Iranian Filmmakers at LFF: Bridge Over Troubled Border
The BFI London Film Festival is practically the last stop for Iranian films on their annual festival journey, which usually kicks off at Berlinale. This year, thanks to major retrospectives of contemporary and pre-revolutionary Iranian films at Fribourg International Film Festival and the Edinburgh International Film Festival, there has been a joyous feeling of revival in the air, unprecedented since the critical success of Iranian films in the early 1990s.

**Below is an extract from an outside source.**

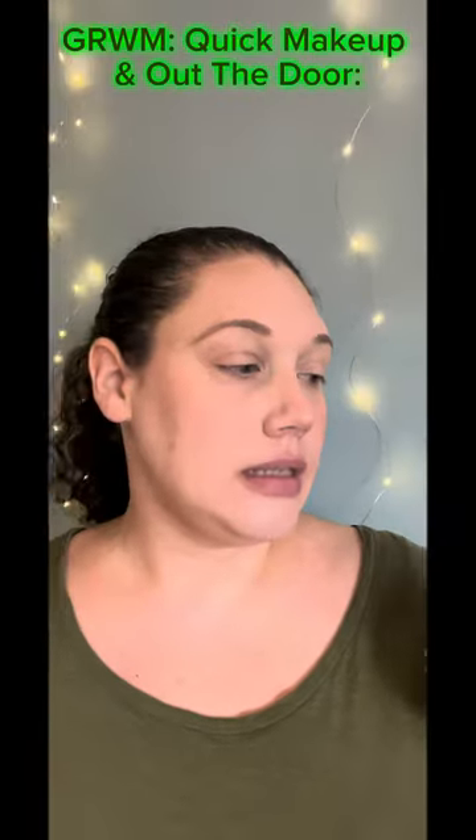Hello. Today I just wanted to do a quick makeup look. I wanted to use the Colourpop Shadow Sticks and the Luxe Lipstick from the Colourpop 1111 collection. I have already done some of my makeup so I'm just going to run through quickly what I used and then we will jump right into the rest.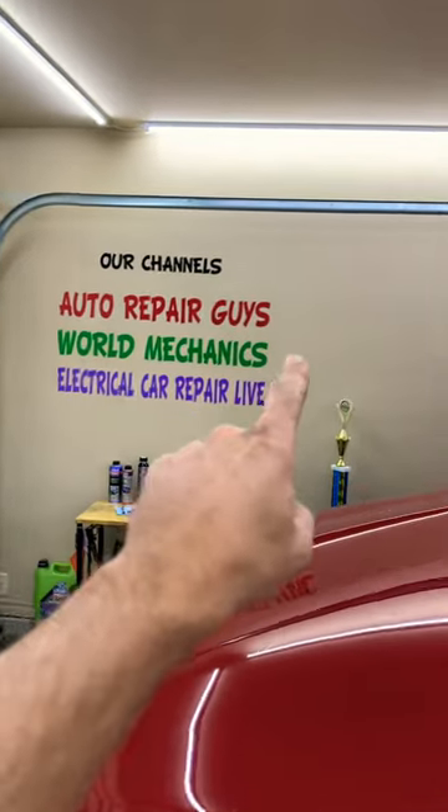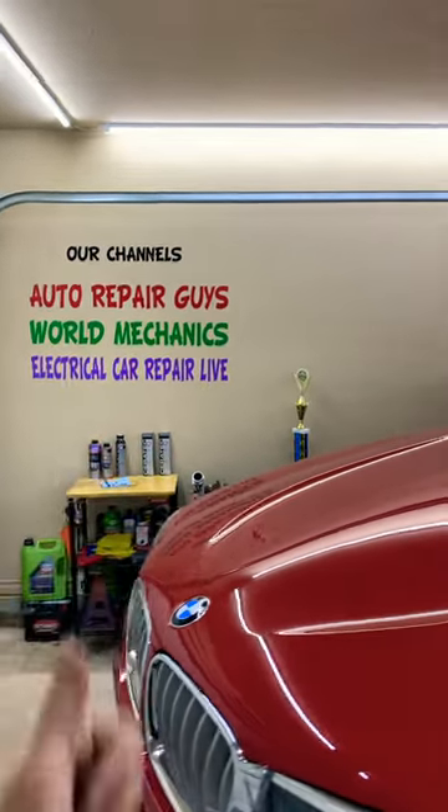we just made a special video about that — check it out, it will be on our YouTube channel Auto Repair Guys. Our mission is to save you guys as much money as we can.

Even if the retrospectives led to a belated appreciation in Europe of the Iranian New (Wave) cinema of the 1960s and 1970s, there remains much confusion about contemporary Iranian films, and this is reflected in other festival programmes. The BFI London Film Festival – known for offering an up-to-date survey of national cinemas – has shown less interest in Iranian cinema over the last few years, evident this year in the drastically low number of Iranian films being screened. This might be explained in part by two major external factors: 1) After Edinburgh’s special focus on Iran, where many of the better Iranian films of the year were handpicked by the festival, none of the same films had any chance of reaching London. LFF won’t show films premiered at EIFF. 2) The distribution of Iranian films outside of Iran has been disastrous, due to limitations in accessing the international market, the problem of cash transfer, restricted postal services and slow internet services, which rule out any possibility of uploading online screeners.